Evaluating Lossless Data Compression Algorithms and Cores

By Calliope-Louisa Sotiropoulou, CAST

Abstract

Data compression plays a critical role in modern computing, enabling efficient storage and faster transmission of information. Among lossless data compression algorithms, GZIP, ZSTD, LZ4, and Snappy have emerged as prominent contenders, each offering unique trade-offs in terms of compression ratio, speed, and resource utilization. This white paper evaluates these algorithms and their corresponding hardware cores, providing an in-depth comparison to help developers and system architects choose the optimal solution for their specific use case.

Introduction

The exponential growth of data has made efficient data compression an essential requirement in domains ranging from cloud storage to real-time data processing. Lossless compression algorithms ensure that original data can be perfectly reconstructed from the compressed output, making them indispensable for scenarios where data integrity is paramount.

This paper explores four widely used algorithms—GZIP, ZSTD, LZ4, and Snappy—focusing on their performance in terms of:

  • Compression Ratio: The degree to which data can be reduced.
  • Compression Speed: The time required to compress the data.
  • Hardware Resource Utilization: The computational and memory resources required, particularly in FPGA and ASIC implementations.
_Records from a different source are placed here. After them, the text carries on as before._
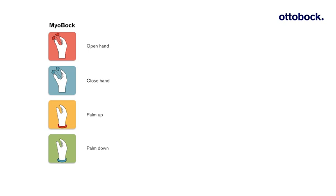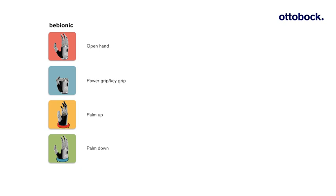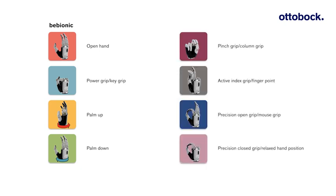Initially, four movement patterns must be identified. One for hand open, one for hand close, one for palm up and one for palm down. When using the BeBionic hand, additional movement patterns can be added later.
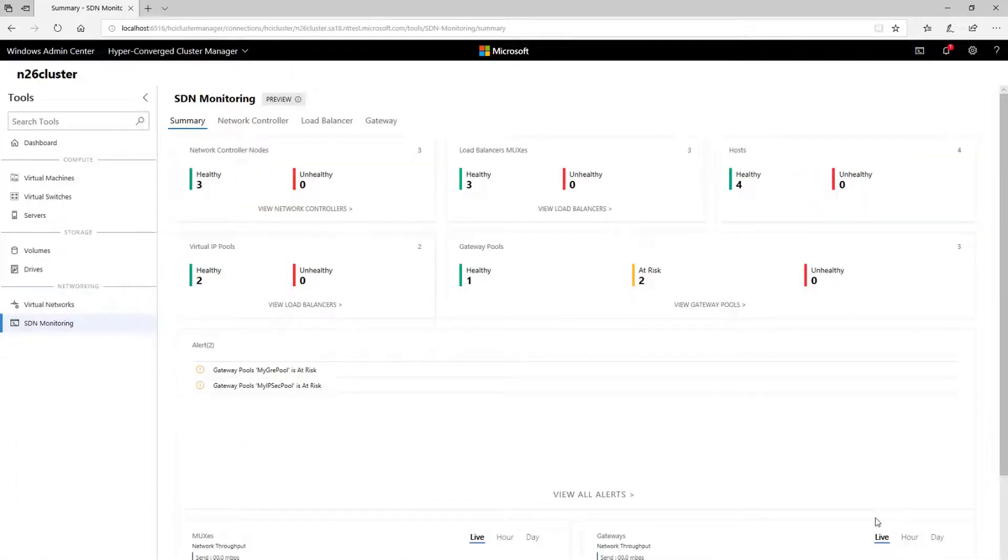All this functionality for software-defined networking is available for both Windows Server 2016 and the Insider Preview of Windows Server 2019, so you can try it out today.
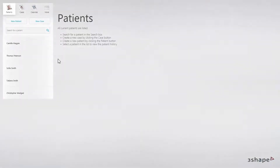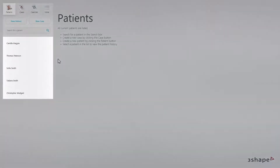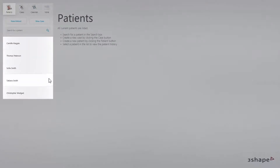After you have logged in to Implant Studio, you start by creating a new case. To do that, you need to have a patient selected. You either choose an existing patient or create a new patient.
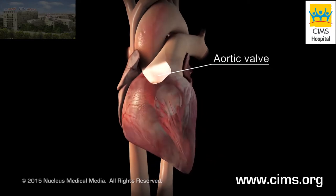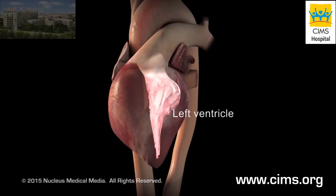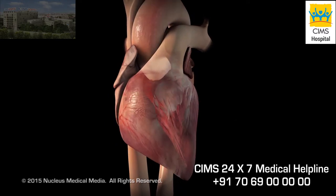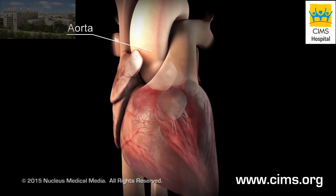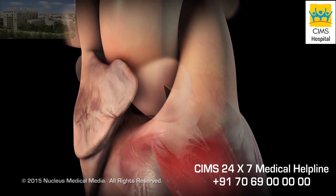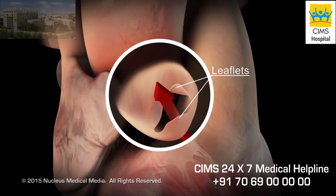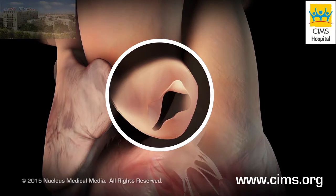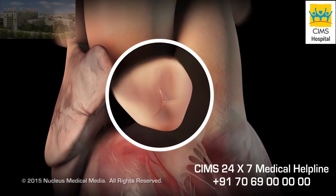Your aortic valve is one of the four valves in your heart. It lies between your left ventricle, or lower left chamber, and the large blood vessel supplying oxygen-rich blood to your body, called the aorta. When your left ventricle contracts during each heartbeat, it pushes blood through three flexible cup-like leaflets that make up your aortic valve. When your left ventricle relaxes, your aortic valve closes to prevent blood from flowing back into your left ventricle.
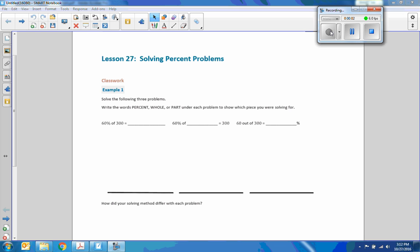Hi there, Mr. Holcomb here again with another episode of The Math Behind the Modules. This is lesson 27, solving percent problems.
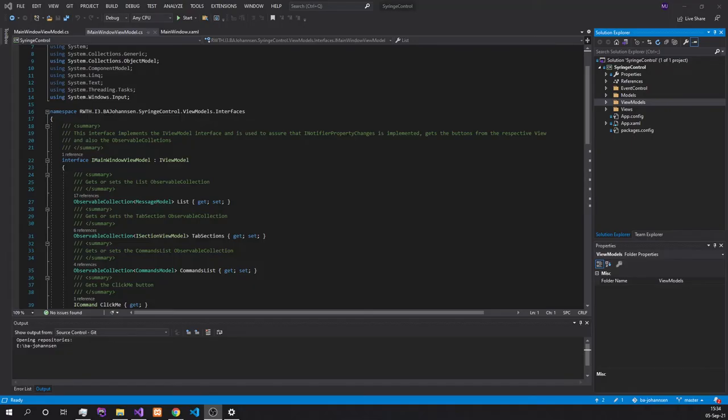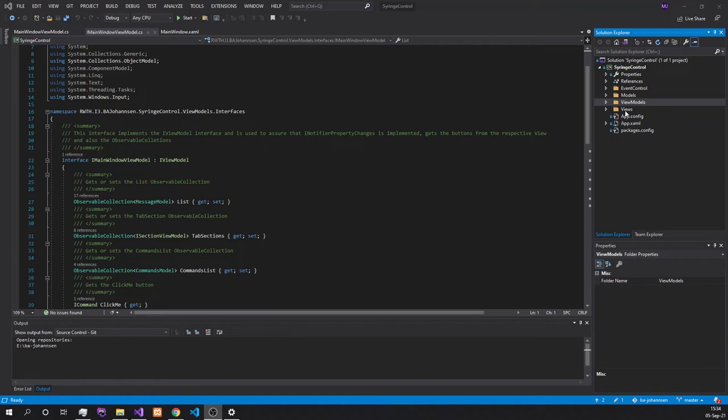Now I'm going to explain the user interface as well as the domain-specific language with the help of a technical walkthrough. For the user interface, we're using the model-view-viewmodel pattern, and thus we are dividing the files into the model, the viewmodel, as well as the view files. Additionally, we have an event control folder for the aggregator as well as the command handler.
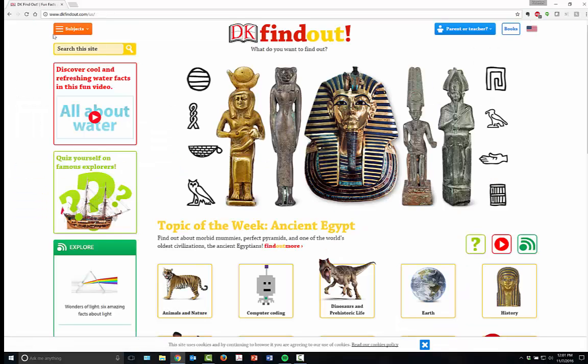DK Find Out is all about what you would like to find out, presented to you from the very popular source DK. Hope you enjoy it — short video for you this time around. Have fun. Share with your students, teachers, librarians, and peer educators. Look for more videos in the near future. Take care, have a great day.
Why Do We Use Lossless Data Compression?

High-Volume Data Reduction: AI applications, especially in fields like machine learning, require the storage and processing of massive amounts of data. Lossless compression IPs reduce the data volume without any loss of information, which is crucial for applications where precision and accuracy are essential.

Storage Optimization: In data centers and edge devices, lossless compression IPs help reduce the amount of storage required, enabling more efficient use of space and lowering costs. This is particularly beneficial for storing large datasets and other high-precision data.

High-Speed Data Transmission:

  • Bandwidth Efficiency: Lossless compression IPs reduce data size, allowing for faster data transfer across limited-bandwidth networks. This is critical for automotive applications, where sensor data have to be transferred in real time with limited bandwidth. On the other hand, there are applications such as live data streaming where much larger amounts of data need to be transmitted and lossless data compression is essential to reduce the volume.

  • Reduced Latency: Hardware-accelerated compression and decompression directly on silicon minimizes latency, a significant advantage over software-based compression methods. This low-latency data handling is crucial in AI applications that require real-time responses, and financial trading applications, where response time can make the difference between bad losses and important gains.

Energy Efficiency

  • Power Savings: Data compression IPs designed for efficient silicon implementation consume less power compared to general-purpose processors running compression algorithms in software. This efficiency is essential in edge AI devices and mobile platforms, where power consumption is a critical concern.

  • Thermal Management: Reduced power consumption also minimizes heat generation, which can be challenging in high-density computing environments or on small, compact devices like wearables.

Choosing the Right Algorithm

Selecting the right algorithm is not a simple one-size-fits-all decision.

When the selection is made for a software implementation, characteristics such as compression ratio, software latency, and software speed come into play.

LZ4 and Snappy are two compression algorithms that have fast software implementations with low latency but generate a low compression ratio. On the other side, there is Zstd which can offer a higher/configurable compression ratio at a lower speed, and GZIP which, based on its configuration with or without Dynamic Huffman tables, can offer high/moderate compression ratios at a moderate speed.

Table 1: Comparing lossless compression algorithms.

When choosing an algorithm implementation for hardware, other factors, such as logic and memory resources, come into play and become fundamental. On HW a high compression ratio comes at the cost of area and latency.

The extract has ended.